5. Communication Protocols – Defining “How” to communicate among the various groups is very important because these can’t be established during a live Cyber Incident. Some of the protocols can be email, phone call, template forms, ticketing systems, encrypted communication lines etc.
6. Service Level Agreements (if any) – Organizations as they mature in their process of operating a CSIRT want to track performance efficiency of their people and process. This can be done using SLA metrics by defining the “time to respond” and the “time to resolve” or in ITIL terms “Response SLA” and “Resolution SLA”.

Incident Analysis:

Every qualified and classified Incident (Part 1 and Part 2 of CSIRT Function) has to be analysed as per its merit. While the skeletal for the analysis is the same, the content and the context differs from organization to organization. In general, every analysis starts with the following 2 questions:

1. What we know? – The answer to the question typically lies in gathering the details regarding the incident. The details can be as follows:
   • Victim user/machine details like user name, machine name, IP Address etc.
   • Logs that triggered the incident. The logs are typically from SIEM or the point products themselves.
   • Attacker information from the logs like Attacker IP Address, Domain etc.
   • Attack pattern if it is a signature alert from IDS/IPS/WAF etc.

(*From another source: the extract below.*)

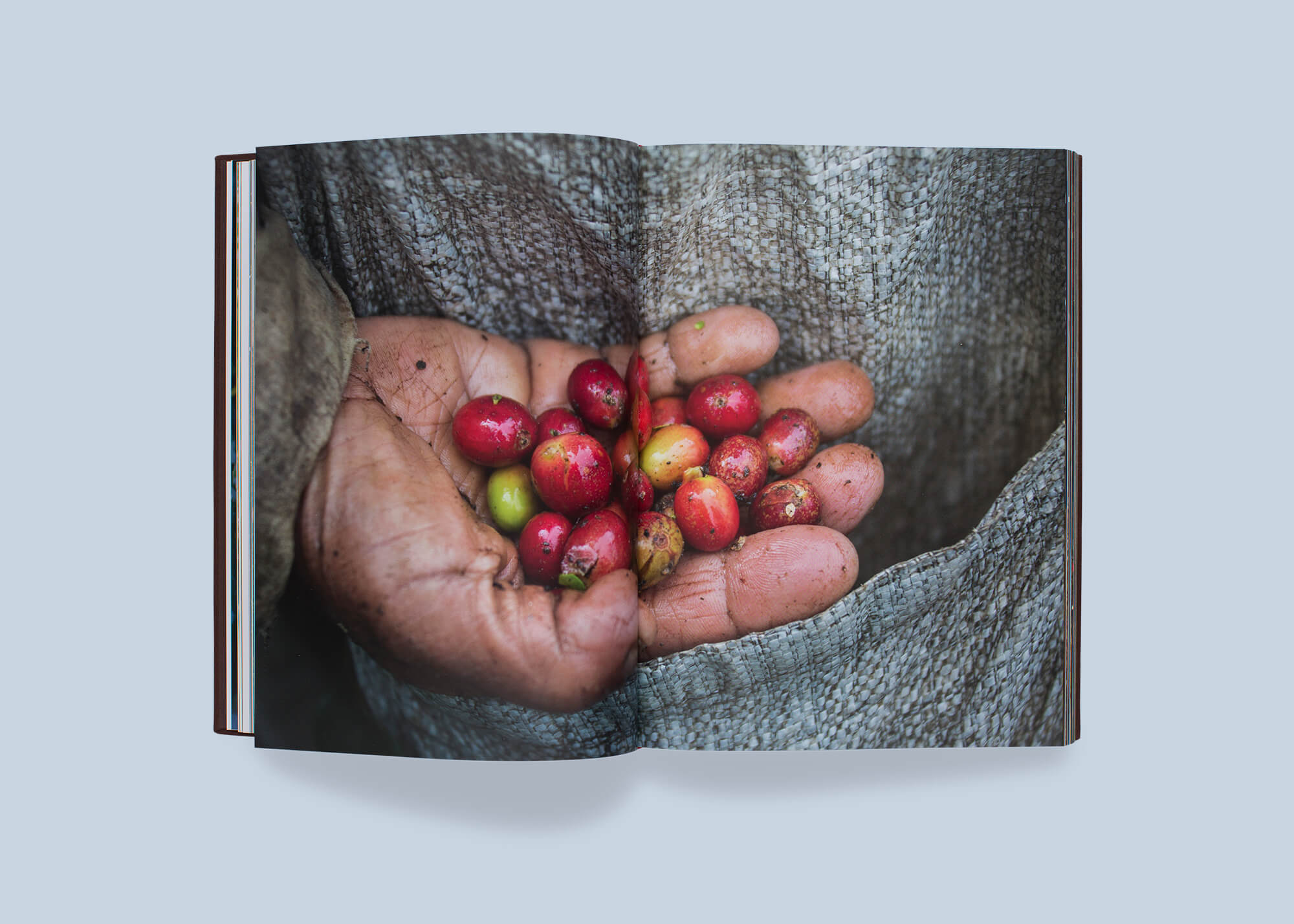 kaffe_34.jpg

2. What we don’t know? – This is everything else about the incident that we are yet to investigate or determine. This is the perfect jump off point for investigation. Some of the most common items in this list are as follows:

• Forensic Analysis of the machine like disk analysis and memory analysis.
• Attack Vector synthesis
• Static and Dynamic analysis of malcode, Reversed binaries etc.
• Impact and spread of the attack in terms of data stolen, machines compromised, monetary impact etc.

Once the “known and the unknown” are identified, listing down the course of action becomes easy. This will primarily assist in a timely and coordinated response. In this post, we will not be discussing the individual tools used in analysis, however, we will be talking about the overall process involved.

Incident Communication:

Once the Incident analysis is under way, there is bound to be a constant flow of information coming from the responder groups. Communicating this to the appropriate stakeholders is key to effective Incident handling. Different organizations have different communication protocols and as mentioned above in the Pre-requisite sections, defining this can be along these lines:

• Establish a communication protocol – Who to call? What is the number to call? What times to call?
• Primary and Secondary contact persons
• Communication template – Email, Report, SMS, Ticket updates, calls etc.
• Timelines – For example, First update – within 30 minutes, Second update – Within 1 hour of First update etc..

In our opinion, incident communication is one of the most under-rated aspects of incident handling and getting this right is important.

Post-Analysis

Once the analysis is complete, a decision needs to be made based on the collected facts. The decision can be to continue with the Incident containment function or move directly to the Incident Recovery function.

Introduction

Every incident requires careful investigation and response. One of the oft used strategies by CSIRT teams is Incident Containment. By definition Incident containment is a function that assists to limit and prevent further damage from happening along with ensuring that there is no destruction of forensic evidence that may be needed for legal actions against the attackers later.

Firstly, Containment is a strategy:

Usually, organizations think that containment is a process step that we need to follow during Incident Response. But in our opinion, Incident containment should be a Strategy. Once a containment strategy is defined, the respective tools & technologies can be selected to participate in the fulfilment of the strategy. Process pieces will eventually follow. Containment strategies can be defined based on the focus area in the IT Infrastructure. It can be at the perimeter, extended perimeter, internal tier or at the end point or it can also be a combination of any of the above. Mostly, the strategy is dependent on understanding your IT infrastructure and making the best use of the infrastructure. That is why it is not the same for every organization and rightly so. We would like to list down a few examples of such containment strategies below:

Examples of Perimeter & Extended Perimeter Strategy – Stop the outbound communication from infected machine, block inbound traffic, IDS/IPS Filters, Web Application Firewall policies, null route DNS, fail-over to backup link, switch to secondary data centre etc…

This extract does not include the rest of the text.